Structure in the flow Structure in the flow
Information overload, learning and personal knowledge management Information overload, learning and personal knowledge management

Posts Tagged ‘information overload’

For the curious: the incentive to mass-produce information

I always find it interesting to understand the phenomenons that affects me and discover their root causes, be that in politics or information overload (IO). About IO, one path to explore is the motivation behind the production of information.

As you may know, on the Web there are clear incentives to get good search engine ranks to drive traffic to your site, in some cases generating revenue from ads. I just recently realized some of the specifics of this sometimes involve generating massive amounts of content, details of which I found rather startling.
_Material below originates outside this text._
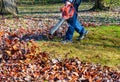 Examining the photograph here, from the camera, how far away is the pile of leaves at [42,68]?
26.6 feet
Some background on “Internet marketing”

Search Engine Optimization (SEO), is the work done to make a site stand out in search engine results, for obvious marketing purposes. Some people specialize in doing this. No, bar that: there’s a whole industry centered around this.

Some SEO techniques are entirely ethical and simply make good content easier to find: they’re referred to as “white hat”. Other techniques, “black hat”, use devious ways to route people to less desirable content.

There are ways to benefit directly from search engine rankings without really creating any value in the process. One of those ways is the pathological MFA site, Made For AdSense site (AdSense/Adwords referring to Google ads).

These are those sites you end up on when you mistype a domain name and bam, get a page which is essentially a fresco of Google ads with some teeny-weeny content lost in there somewhere. If for some rather popular keyword someone may get a good spot in Google results for his MFA page, then he’s won the game and reaps some profit when wandering visitors click his ads. At least that’s one scenario.

The techniques of content generation

I knew about this, vaguely, but the other day I stumbled upon this article over at TheNextWeb concerning DataPresser. In a nutshell, this is a tool that allows you to generate content automatically, by following rules.

With DataPresser, for example, you can generate all sorts of variations on “Find cool wallpapers of _______”, where ______ is a blank filled from a database. Not only can you replace the blank, you can even change the way the sentence is worded, using synonyms or even grammatical constructions. That’s to avoid being flagged as “duplicate content” by Google, who obviously tries to eliminate such sites from its results. As you can see, it’s a game of cat and mouse.

The general keyword for this activity is “Content Generation”. There are many techniques and tools. Some will simply generate new pages by republishing from RSS feeds found elsewhere, with ads slapped around. Others will accumulate tons of text and mix bits of sentences from here and there to create text that doesn’t make sense but appears correct to search engines. You can even buy whole databases of content, say game cheatcodes, rather cheaply.

Why mass-produce?

Obviously, it’s profitable to mass-produce text to cover many topics, therefore many keywords. But there’s another reason: search engines give more credit to sites with links pointing to them. That’s why some content generation involve the creation of many sites linking to each other (the whole thing is called a link farm). Another “link-building” technique concerns message boards and blog comments, with posts being made solely to create links that add to a site search-engine karma.

Conclusion

I think this phenomenon plays a big role in understanding the huge “size” of the Web (number of pages). A very simple technique to generate more revenue for a given site, for example, is to split an article in multiple pages so more ads can be displayed. But with these MFA sites, we’re talking about generating thousands of pages at the click of a button!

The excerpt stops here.